What sets In-STeP apart from previous efforts to match commercial technologies with intelligence community customers is the broad approach it takes. In-STeP tries to understand the future capability needs of the intelligence community from the perspective of national intelligence managers (NIMs), Honey notes. The community’s science and technology investment strategy previously focused on the mission needs of each agency. But, because of the NIM construct, a broader integrated view is available across the separate elements. This helps provide a more comprehensive understanding of which future capability needs will be important—and where science and technology developments will be needed to meet these future needs, he says.
“It’s not that the individual elements are not important,” Honey continues. “They are now one part of the puzzle, because the view that we’re taking is much broader in scope.”
One of the keys to In-STeP is the intelligence community’s “Science and Technology Investment Landscape,” which covers fiscal years 2015 to 2019. Covering the breadth of the intelligence community, it represents the community’s first attempt to link the needs of integrated intelligence with future science and technology development. Honey describes it as the big first milestone in the In-STeP process, “doing the translation from ‘NIMspeak’ to techspeak had to occur for the science and technology community to be able to engage to try to meet those future capability needs.”
The translation from “NIMspeak” to techspeak is the one task that keeps Honey up at night, he admits. The program must stay up with where the NIMs’ concerns are moving. An outreach campaign focuses on industry and other parts of the federal government, and an inreach campaign contacts people within the ODNI to stay current with their own direction. The program must continue to provide industry with the proper direction—translated from NIMs.
He notes that typically, asking customers to define the solutions they want is a mistake. In some cases, incremental improvements to existing capabilities are useful and worth pursuing, but having a game-changer will require focusing first on the customer’s problems, Honey says. The Landscape report identified those problems, and this in turn fed a request for information (RFI) released by the office a year ago.
Isaacson emphasizes there are no limits on the solutions, and this approach was factored into the RFI. “We want all kinds of feedback that can be constructive to what we are trying to do,” he says. “One of the things the RFI asked for was, ‘What are you doing against that particular need set in the Landscape?’” he states. “The second part of that was, ‘What are you working on that could be relevant to the intelligence community that maybe we didn’t capture?’ That is the flexibility of what we’re trying to do.” The third part of the RFI requested feedback on improving the process, he adds.

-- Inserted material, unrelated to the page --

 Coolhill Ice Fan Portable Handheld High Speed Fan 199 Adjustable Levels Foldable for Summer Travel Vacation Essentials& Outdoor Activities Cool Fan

“We saw an overwhelming response from industry, and also [Department of Energy] labs and [federally funded research and development centers] also provided a response back to the Landscape document, which was released through the RFI,” Honey relates. “I think we have a pretty good idea of a body of funded activity—both [independent research and development] as well as other government contracts—against the needs that were articulated in the Landscape document.”
The responses to the RFI pointed out the need for an enduring engagement mechanism to reach out to the intelligence community, Isaacson allows. The “cross-pollination” of letting the NIMs know about solutions while informing industry about intelligence community needs and direction constitutes a transparency “that everybody has been begging for,” he asserts.
“The RFI opened the door for the input of ideas against which there are no needs that we stated through the Landscape document,” Honey offers. “The RFI contained this other mechanism for people to contribute thoughts. As we move forward, we actually are going to increase our outreach on that particular theme.”
Out of all of the needs cited in the Landscape report, less than 5 percent did not have some type of funded research taking place, Honey relates. He says he was surprised at how much funded work already was striving to solve problems for the intelligence community. Where In-STeP serves a role is that it ties this research together in terms of everywhere it could solve a problem. In many cases, the government funding authority for a particular research thrust may not understand how its activities could be applied to other problems. However, the industry side is motivated to find new applications for its work, Honey observes.
“By going to industry, we ended up with a much more thorough analysis of what they’re working on, how it may be applied to these problems, than if we had gone the other way to the funding agencies,” he declares. “That’s why we now see a much greater opportunity for coverage to use existing investments to meet intelligence community needs than we otherwise would have realized.”
After the office issued the RFI, it compiled the responses and made them available to functional managers and others across the community who have relevant clearances. “We’re protecting the proprietary information, but we’re also trying to get it into the hands of a number of people to act on,” Isaacson says. “We are pushing industry responses out to the relevant people.”
The office clustered many of those partner responses, from which it developed a road mapping activity with industry. This follows the program goal of going from the capabilities to the specific technologies that would support those capabilities, and then identifying the basic research challenges related to those specific technologies, Isaacson offers. This generates a traceable path for the need for specific research.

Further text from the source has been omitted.